Montana is known for its natural abundance. Our state is home to incredible wildlife, our hills contain rich mineral deposits and our waters flow all the way to the Atlantic and Pacific Oceans. This natural abundance also upholds Montana’s vibrant business economy – timber and ore provide the raw materials for lumber and mining, fish and wildlife sustain our sport economy, healthy soil and ample precipitation make farming and ranching possible, and our rivers, parks and forests bring as many as 12.6 million tourists to our state. One might go so far as to say that Montana’s economy hinges upon nature.

But Montana’s natural bounty – and business economy – is not immune to the global threats of climate change, biodiversity loss, land degradation, pollution and invasive species. As the World Economic Forum stated in its 2020 report, “Nature Risk Rising: Why the Crisis Engulfing Nature Matters for Business and the Economy,” more than half of global GDP, or roughly $44 trillion, is moderately or highly dependent on nature and its services, and therefore exposed to risks from nature loss.

In Montana, these risks include wildfire, drought, hot weather and species loss. In 2021, nearly 1 million acres of land burned due to rampant wildfire, affecting air quality, tourism, health and wildlife. By midsummer, more than 90% of the state was already experiencing abnormally dry to extreme drought conditions with a prediction for the situation to worsen through August – again affecting agricultural producers and others reliant on water.

As a result of these dependencies on nature, forward-looking business and government leaders across the globe are increasingly calibrating their companies’ and agencies’ environmental dependencies in the same monetary metrics as other economic decisions. Called “natural capital accounting,” this movement seeks to address the growing environmental challenges businesses face by identifying, assessing, and disclosing the financial materiality of nature-related risks to business, financial institutions, asset owners, regulators and governments.

In describing the concept, Capitals Coalition CEO Mark Gough said, “Whether we’re talking about intellectual capital, manufactured capital, and the natural… social, human, all of these have the same fundamental basis. You look at them as a resource that if you invest in, you get a return. You don’t invest in them, you lose the capital, and it stops providing you the benefits that it was [providing] before. So, fundamentally underpinning it all [natural capital valuations] is a very simple concept really, that we should invest in the things that we value.”

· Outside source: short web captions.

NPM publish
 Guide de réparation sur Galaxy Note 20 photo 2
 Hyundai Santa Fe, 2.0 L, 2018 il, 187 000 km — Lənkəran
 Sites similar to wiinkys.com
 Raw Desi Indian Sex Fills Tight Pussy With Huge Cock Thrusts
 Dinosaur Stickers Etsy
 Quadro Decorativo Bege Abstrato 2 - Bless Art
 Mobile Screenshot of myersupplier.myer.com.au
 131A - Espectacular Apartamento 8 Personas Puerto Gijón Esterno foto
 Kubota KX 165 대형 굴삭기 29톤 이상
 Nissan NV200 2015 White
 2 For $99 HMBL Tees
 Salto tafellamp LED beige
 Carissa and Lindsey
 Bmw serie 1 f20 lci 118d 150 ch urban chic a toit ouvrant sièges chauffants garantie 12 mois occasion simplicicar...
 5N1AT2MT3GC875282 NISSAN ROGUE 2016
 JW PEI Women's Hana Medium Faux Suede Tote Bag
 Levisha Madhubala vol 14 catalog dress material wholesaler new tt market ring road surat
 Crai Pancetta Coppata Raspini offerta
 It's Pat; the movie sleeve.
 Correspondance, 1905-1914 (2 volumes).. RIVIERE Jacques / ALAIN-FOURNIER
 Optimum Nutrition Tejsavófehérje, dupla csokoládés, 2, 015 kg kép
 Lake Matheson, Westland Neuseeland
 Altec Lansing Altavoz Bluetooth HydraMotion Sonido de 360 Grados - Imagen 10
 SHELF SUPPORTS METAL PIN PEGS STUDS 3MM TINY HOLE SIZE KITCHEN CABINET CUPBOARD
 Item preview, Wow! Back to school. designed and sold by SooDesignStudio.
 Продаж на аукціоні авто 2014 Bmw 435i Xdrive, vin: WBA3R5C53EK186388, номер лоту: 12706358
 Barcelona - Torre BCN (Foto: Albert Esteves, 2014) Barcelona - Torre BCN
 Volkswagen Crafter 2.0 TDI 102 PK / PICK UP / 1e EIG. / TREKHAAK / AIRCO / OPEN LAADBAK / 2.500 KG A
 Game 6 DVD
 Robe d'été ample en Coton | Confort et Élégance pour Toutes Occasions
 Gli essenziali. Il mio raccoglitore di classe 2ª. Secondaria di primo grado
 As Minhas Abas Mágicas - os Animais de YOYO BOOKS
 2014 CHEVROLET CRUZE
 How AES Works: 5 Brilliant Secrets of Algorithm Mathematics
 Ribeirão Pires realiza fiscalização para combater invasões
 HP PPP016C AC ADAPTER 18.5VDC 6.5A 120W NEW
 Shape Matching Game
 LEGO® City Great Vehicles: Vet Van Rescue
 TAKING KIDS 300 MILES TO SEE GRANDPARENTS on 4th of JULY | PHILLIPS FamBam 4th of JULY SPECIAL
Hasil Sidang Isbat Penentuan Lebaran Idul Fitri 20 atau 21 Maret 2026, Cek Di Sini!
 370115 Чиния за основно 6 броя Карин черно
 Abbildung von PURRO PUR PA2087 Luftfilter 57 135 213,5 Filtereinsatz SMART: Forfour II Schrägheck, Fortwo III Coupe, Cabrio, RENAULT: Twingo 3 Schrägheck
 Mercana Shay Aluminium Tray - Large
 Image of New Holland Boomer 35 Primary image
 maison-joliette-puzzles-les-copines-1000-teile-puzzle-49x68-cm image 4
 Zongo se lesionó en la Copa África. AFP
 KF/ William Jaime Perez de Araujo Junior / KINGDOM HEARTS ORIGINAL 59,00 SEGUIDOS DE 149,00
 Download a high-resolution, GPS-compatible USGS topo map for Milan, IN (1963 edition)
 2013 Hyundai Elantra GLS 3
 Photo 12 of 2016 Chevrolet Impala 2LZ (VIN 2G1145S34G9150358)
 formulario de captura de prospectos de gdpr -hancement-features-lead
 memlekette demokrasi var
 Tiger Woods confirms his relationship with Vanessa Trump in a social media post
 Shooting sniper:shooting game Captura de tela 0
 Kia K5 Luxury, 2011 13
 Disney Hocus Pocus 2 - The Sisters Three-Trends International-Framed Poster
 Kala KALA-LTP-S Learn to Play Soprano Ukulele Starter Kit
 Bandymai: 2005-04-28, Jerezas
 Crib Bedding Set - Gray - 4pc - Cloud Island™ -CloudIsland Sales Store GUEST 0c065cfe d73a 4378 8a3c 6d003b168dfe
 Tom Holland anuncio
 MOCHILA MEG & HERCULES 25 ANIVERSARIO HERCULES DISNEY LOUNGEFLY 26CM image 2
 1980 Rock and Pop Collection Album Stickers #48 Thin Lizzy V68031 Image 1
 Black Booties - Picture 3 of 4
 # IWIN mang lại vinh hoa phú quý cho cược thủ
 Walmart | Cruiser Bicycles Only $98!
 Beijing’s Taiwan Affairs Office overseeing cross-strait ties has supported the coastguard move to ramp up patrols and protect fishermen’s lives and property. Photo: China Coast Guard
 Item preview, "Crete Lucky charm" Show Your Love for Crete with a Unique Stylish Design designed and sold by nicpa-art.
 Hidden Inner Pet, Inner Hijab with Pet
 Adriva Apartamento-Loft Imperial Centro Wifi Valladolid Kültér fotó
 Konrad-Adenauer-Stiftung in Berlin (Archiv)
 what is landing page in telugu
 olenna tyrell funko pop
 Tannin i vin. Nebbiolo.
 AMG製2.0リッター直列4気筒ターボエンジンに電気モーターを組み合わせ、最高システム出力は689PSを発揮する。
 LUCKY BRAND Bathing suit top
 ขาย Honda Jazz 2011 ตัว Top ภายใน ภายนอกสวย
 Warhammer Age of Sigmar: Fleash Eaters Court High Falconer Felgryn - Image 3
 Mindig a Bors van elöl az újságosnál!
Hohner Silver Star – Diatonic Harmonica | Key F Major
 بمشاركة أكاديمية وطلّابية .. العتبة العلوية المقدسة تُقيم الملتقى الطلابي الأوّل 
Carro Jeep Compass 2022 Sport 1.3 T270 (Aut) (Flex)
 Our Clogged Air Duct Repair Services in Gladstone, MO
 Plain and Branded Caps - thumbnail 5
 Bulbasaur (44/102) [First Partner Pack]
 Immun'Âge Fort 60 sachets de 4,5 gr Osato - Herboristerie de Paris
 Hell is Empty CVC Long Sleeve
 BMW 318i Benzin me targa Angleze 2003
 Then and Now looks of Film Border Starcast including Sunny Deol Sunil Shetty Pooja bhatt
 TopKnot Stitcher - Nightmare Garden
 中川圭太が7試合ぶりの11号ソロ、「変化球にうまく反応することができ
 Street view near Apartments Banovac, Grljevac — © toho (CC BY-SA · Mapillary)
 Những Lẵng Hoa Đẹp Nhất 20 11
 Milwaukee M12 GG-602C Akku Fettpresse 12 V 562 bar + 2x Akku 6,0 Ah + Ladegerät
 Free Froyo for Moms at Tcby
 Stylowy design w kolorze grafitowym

Like financial capital, natural capital can present both opportunity and threat. Understanding a business’s economic impacts and dependencies on nature is critical to planning for a vibrant future. Calibrating environmental impacts and dependencies in monetary terms allows companies to align their long-term strategic interests with environmental dependencies. Companies are changing the way they work with suppliers to ensure a dependable stream of raw material inputs. For example, a dairy company that relies on independent farmers for milk pays a premium to those farmers who proactively protect soil and water health.

Natural Capital Valuations

Resources that provide essential benefits to businesses and society are often referred to as “natural capital,” and the functions nature provides are termed “ecosystem services.” Natural capital includes both tangible goods, such as timber and mineral deposits, as well as services, such as absorption of rain waters by soil, storage of flood waters by wetlands, sequestration of carbon in forests, crop pollination by insects, and dilution and assimilation of wastes by rivers. Natural capital accounting tackles both impacts and dependencies, with impacts generally referring to how a company’s business operations affect the natural environment (e.g., through air or water pollution, negative impacts on soil, biodiversity, etc.), and dependencies referencing the resources and natural functions a company relies on to run its business (e.g., raw materials and a healthy atmosphere).

For some, the very idea of measuring nature as a type of capital is problematic. Does such an approach commodify nature? Will assessing an economic value on natural assets undermine their intrinsic value, turning the natural world into a subsidiary of the corporate economy? How can one value an asset where its true value is apparent only when it is part of a coherent whole, such as the role of soil and water in rivers and fisheries?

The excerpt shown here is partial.